The Real Thing: Jazz Showcases
Top to bottom: Fritzel’s Jazz Pub, Snug Harbor, and Palm Court Jazz Café.
Jazz lives in New Orleans, and it comes out to play in the French Quarter.
Every night in the Quarter, old masters and young lions take to the stage to continue the city’s rich jazz traditions and guide the music’s future. Below, we visit some of the top establishments in and near the French Quarter where guests can get close to this living heritage. Some are generations-old stalwarts, while others are so new they’ve barely had their paint scratched.
The heavenly glow from the illuminated gates of Louis Armstrong Park across the street lights the way to Donna’s Bar and Grill (800 N. Rampart St., 504-596-6914), an appropriately casual, down-home joint that hosts some of the city’s best-loved musicians on its small stage. The brass bands that propel the famous jazz funerals and second line parades bring their show indoors here for pulse-pounding performances, while elegant singers and accomplished pianists headline other nights.
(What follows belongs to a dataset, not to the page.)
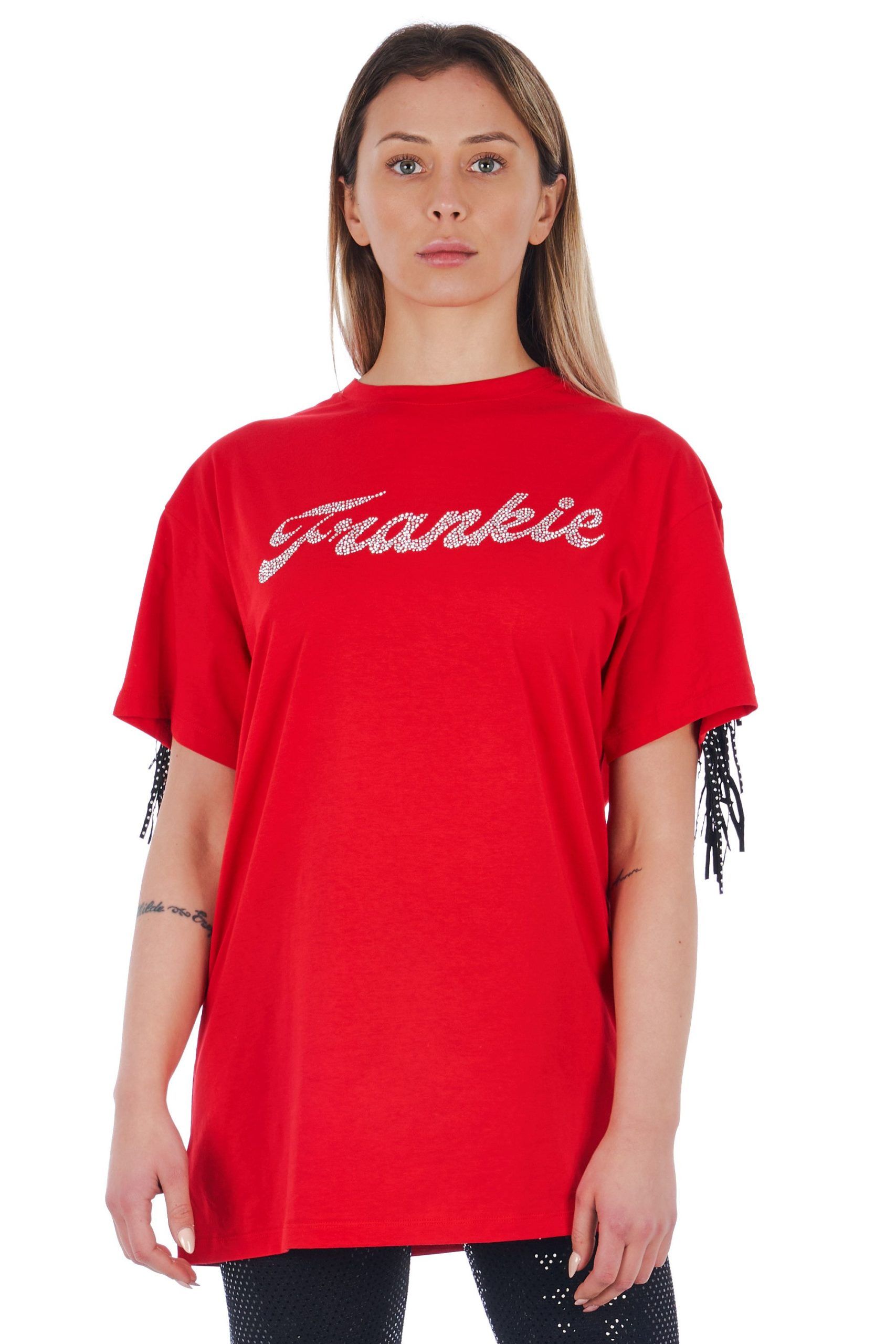 

Красная хлопковая женская футболка FRANKIE MORELLO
Monday night’s jam session with an always-surprising mix of random musical guests is not to be missed.
A block down the street, at the edge of the Quarter, the Funky Butt (714 N. Rampart St., 504-558-0872) draws its memorable name from the title of a song that early jazz pioneer Buddy Bolden often played as a finale for his sets. The club’s casually elegant interior of art deco glass and seductive colors creates a distinctly romantic setting for top-flight local jazz, along with other genres.
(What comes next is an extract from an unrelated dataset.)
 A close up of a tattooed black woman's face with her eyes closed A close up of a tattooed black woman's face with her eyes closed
The name of Fritzel’s European Jazz Club (733 Bourbon St., 504-561-0432) may sound continental, but the music scene at this intimate Bourbon Street club is all New Orleans. Traditional jazz is presented nightly by local musicians as well as by bands visiting from Europe. A few short steps in from the bustle of Bourbon Street, and guests are sitting practically knee-to-knee with gracious Dixieland performers.
Closer to the river, the Palm Court Jazz Café (1204 Decatur St., 504-525-0200) is a classy showcase for traditional jazz, featuring many of the city’s masters as well as members of the next few generations carrying the torch. The wall of windows, tiled floor and bentwood chairs all set the scene for this classic music hall, located just a block up from the French Market and the riverfront itself. An extensive menu of Creole food from their capable kitchen provides the makings for a full night.
The fabled Preservation Hall (726 St. Peters St., 504-522-2841) isn’t so much a music club as it is a living museum to traditional New Orleans jazz with only one exhibit: the band. Don’t look for a bar, reclining seats or even air conditioning in this evocative and character-soaked performance space. The building itself dates back to the 1750s, and it has alternately served as a home, a tavern, an art gallery and an informal rehearsal space. The present owner’s parents, Allan and Sandra Jaffe, purchased the building in 1961 and opened it as a venue dedicated to keeping local jazz traditions alive. Judging by the lines of eager guests for the nightly shows, that’s one mission accomplished.
Located on rollicking Frenchmen Street just outside the Quarter, Snug Harbor Jazz Club (626 Frenchmen St., 504-949-0696) has for years retained the title of New Orleans’ premier venue for contemporary and traditional jazz. Audiences enjoy a refined and upscale setting, seated at small, candle-lit tables, to savor the music of top local and touring performers. Celebrity sightings are frequent and the bistro just outside the performance space offers many Creole favorites.
Across the street, the Spotted Cat (623 Frenchmen St., 504-943-3887) is a relative newcomer to the music scene, but this cozy and intimate former storefront has quickly established its niche as a venue for up-and-coming local performers. A stage built right into a bay window and free admission encourage many curious guests to wander inside for an earful or even to take a spin around the matchbook-sized dance floor. The come-as-you-are vibe and nostalgic bands perfectly recapture the sounds and mood of a bygone era.